Alumnus Wyatt Weller has historic family ties to Concordia University, Nebraska

Published by Amy Crawford 1 month ago on Tue, Apr 9, 2024 7:55 AM

Wyatt Burke Weller ’18 first discovered Concordia University, Nebraska through a high school baseball camp, but he has historic family ties to Concordia Nebraska, too. 

Reverend George Weller, first president of Concordia from 1894-1914 and professor for another 10 years after, is my fourth great uncle, a direct decedent of Reverend Johann George Weller’s brother Heinrich Weller,” he said. “Weller Hall is named in his honor. To my family’s knowledge, I am believed to be the first direct descendent to attend and graduate Concordia Nebraska since its founding.” 

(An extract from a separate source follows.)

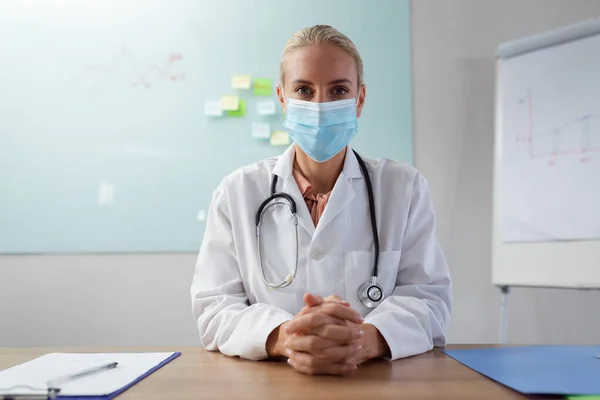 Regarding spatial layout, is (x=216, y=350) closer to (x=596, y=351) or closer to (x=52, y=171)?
(x=596, y=351)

Weller worked with Concordia Nebraska baseball coaches Jeremy Geidel CO ’96 GR ’00, Rich Eber GR ’13 and John Couch ’10 during his baseball camp which offered him his first experience on campus. 

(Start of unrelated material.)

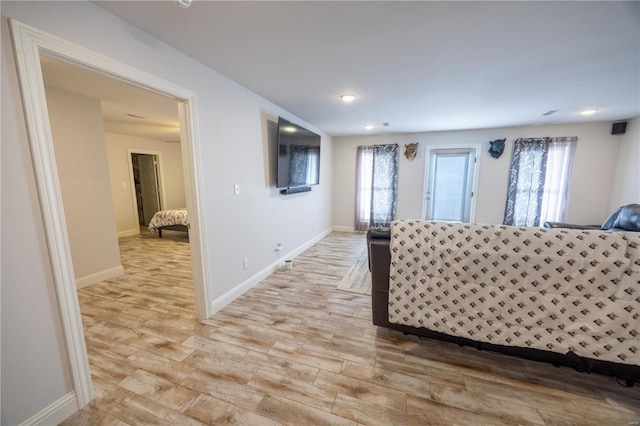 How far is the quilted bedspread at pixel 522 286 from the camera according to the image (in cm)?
143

“I had interest in playing [baseball] at Concordia,” he said. “Other schools I had visited never felt like home, but Concordia did from the first moment. After my visit, I remember telling my parents I didn’t want to visit other schools anymore and it was settled.” 

The summer before he came to the university as a freshman, he learned that baseball coach Geidel was transitioning to another position within the university and had been replaced with Ryan Dupic

“One of my baseball coaches at Bennington High School – Mike Hoffman - played for Coach Dupic when he was a coach at Buena Vista University in Storm Lake, Iowa. Coach Hoffman could not praise Coach Dupic enough as a coach and human being and assured me I was in good hands,” said Weller. “Coach Dupic has had a profound impact on my life. He is an incredible coach who people gravitate towards not only because of his knowledge in the game of baseball, but because of his knowledge of life, perseverance and faith. He is an incredible leader, mentor and human being.” 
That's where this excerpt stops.